Pour la première fois, les juges ont reconnu l'existence du préjudice écologique, c'est-à-dire d'un préjudice autonome, distinct du préjudice moral ou du préjudice matériel. C'est fabuleux ! Il faut maintenant inscrire cette jurisprudence dans la loi, reconnaître le préjudice écologique et l'insérer dans le code civil ; c'est fondamental.
J'ai, avec une cinquantaine de collègues, déposé une proposition de loi en ce sens au printemps dernier. C'est la dernière clef de voute de cet édifice sur lequel nous pouvons tous nous retrouver, me semble-t-il, quelles que soient nos sensibilités politiques.
Cet édifice juridique a été construit à la fois par la jurisprudence, par la loi constitutionnelle relative à la Charte de l'environnement, par la décision du Conseil constitutionnel du 8 avril 2011, mais aussi par la loi relative à la responsabilité environnementale. Toutefois, mes chers collègues, et je parle devant la statue de Portalis, notre code civil comporte une fragilité puisqu'il ne reconnaît un dommage que pour autant qu'il ait un caractère personnel. Or l'environnement n'est pas un bien personnel, c'est un bien collectif.
C'est la raison pour laquelle, selon la belle formule de Victor Hugo, il faut, madame la ministre, faire rentrer le droit dans la loi. Ma question est simple : le Gouvernement est-il prêt à cette petite révolution juridique ?
(Applaudissements sur les travées de l'UMP et de l'UCR.)
Mme Delphine Batho, ministre de l'écologie, du développement durable et de l'énergie.

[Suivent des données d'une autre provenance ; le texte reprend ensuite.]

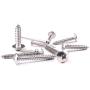 Hilitchi 200-Pcs 304 Stainless Steel Phillips Truss Head Self Tapping Sheet Metal Screws Assortment Kit Set, Thread Size #6#8#10#12, Length 3/4 to 1-1/2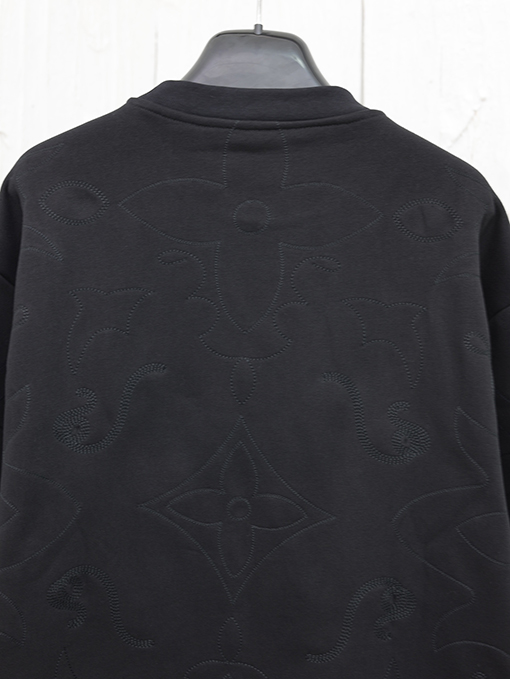 ルイヴィトン 24 Fw 新しい立体刺繍ラウンドネックパーカー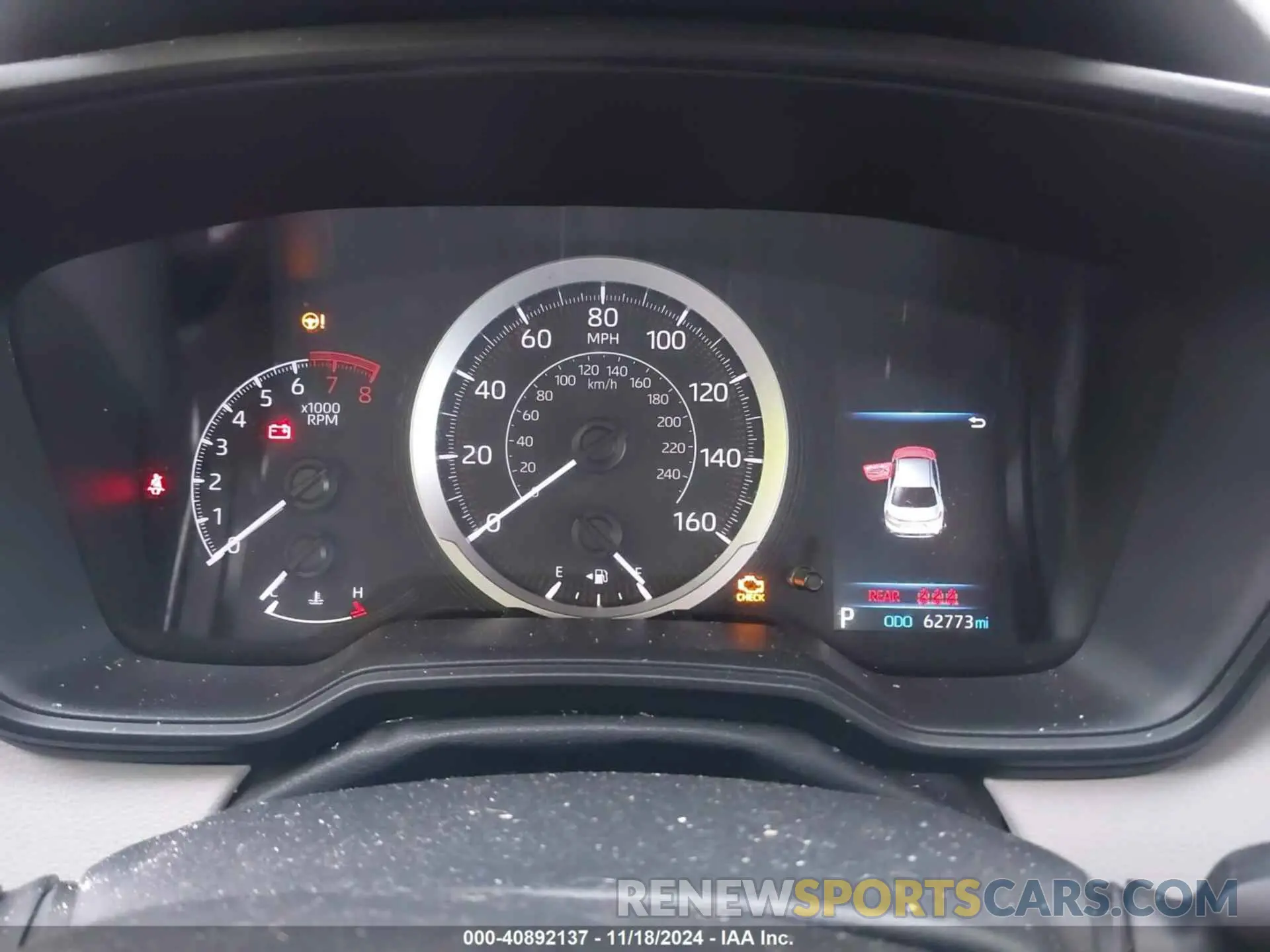 7 fotografías del automóvil dañado 5YFEPMAE9NP308655 TOYOTA COROLLA 2022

Monsieur le sénateur, l'arrêt rendu par la chambre criminelle de la Cour de cassation dans l'affaire de l'Erika, le 25 septembre dernier, a confirmé la responsabilité pénale de l'ensemble des acteurs de la chaîne de transport des hydrocarbures et, sur le plan civil, a reconnu la notion de préjudice écologique.
Je voudrais tout d'abord rendre hommage au combat qu'ont mené pendant onze ans les régions, les départements, les communes des 400 kilomètres de côtes françaises touchées par cette pollution et qui voient leur bataille juridique couronnée de succès.

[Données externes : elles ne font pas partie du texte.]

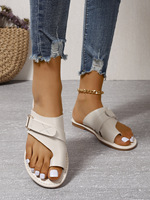 Sandales plates confortables chaussures femmes sandales surdimensionnées de luxe pour femmes et dames nouvelles tongs à bout ouvert sandales de créateur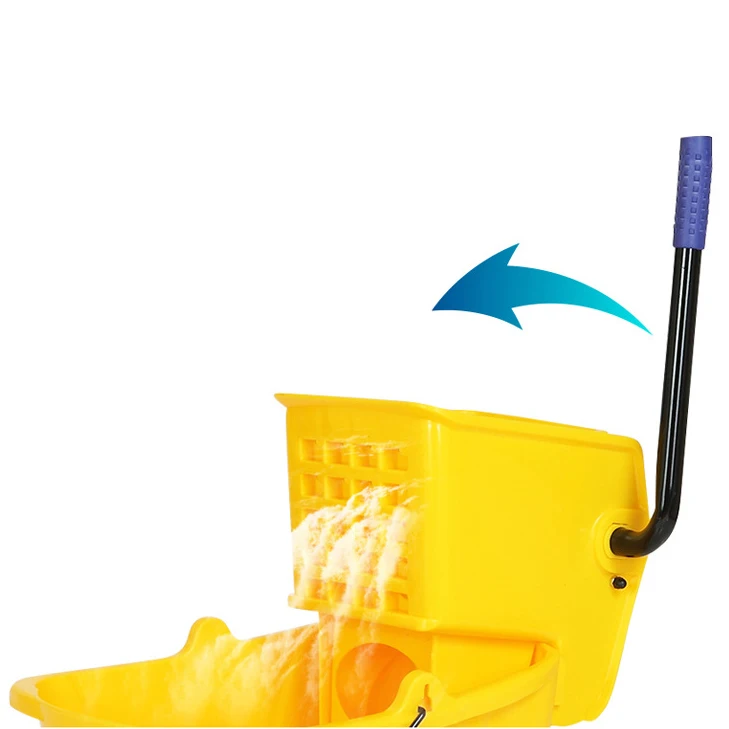 32L small mop bucket cleaning wringer mop bucket with wheels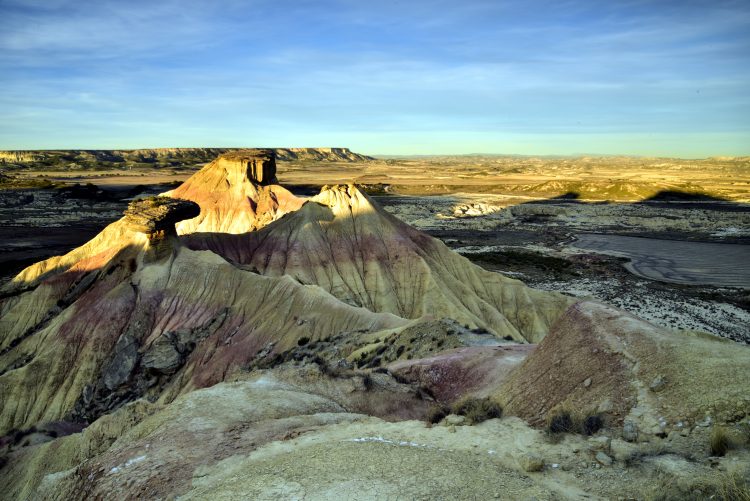 Bardenas Reales Espagne Navarre Désert Paysage Heures d'or Argile Ocre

Cette décision constitue un pas en avant considérable pour la protection de l'environnement et l'application du principe pollueur-payeur, avec la reconnaissance non seulement de la responsabilité pénale, mais aussi de la responsabilité civile, quel que soit le lieu où le sinistre s'est produit.
Cette décision fera jurisprudence. Nous souhaitons qu'elle fasse pleinement son entrée dans le droit français. Comme vous le savez, s'agissant du code civil, Mme Christiane Taubira, garde des sceaux, a d'ores et déjà engagé une réforme de grande ampleur de notre droit de la responsabilité. C'est donc sous sa conduite que ces réflexions se poursuivront.
Je sais, monsieur le sénateur, l'intérêt que vous portez vous-même à cette inscription. Nous avons pris connaissance de votre proposition de loi, mais aussi du colloque que vous organisez à la fin du mois d'octobre avec un certain nombre de juristes du droit de l'environnement. Je suis certaine que cette initiative sera utile pour apporter des précisions sur certains points : qui peut ester en justice au nom de la nature ? Comment doit se faire la réparation ?
Vous avez raison de dire que le 25 septembre a été un grand jour. Il nous appartient maintenant d'en tirer toutes les conséquences.
Je voulais aussi vous indiquer que, avec Frédéric Cuvillier, nous sommes favorables à ce que la France prenne, lors de la prochaine assemblée générale des Nations unies, une initiative afin de proposer un protocole additionnel à la convention de Montego Bay pour construire un outil de protection juridique international de la haute mer qui corresponde aux mêmes exigences.
(Applaudissements sur les travées du groupe socialiste, ainsi que sur certaines travées du RDSE.)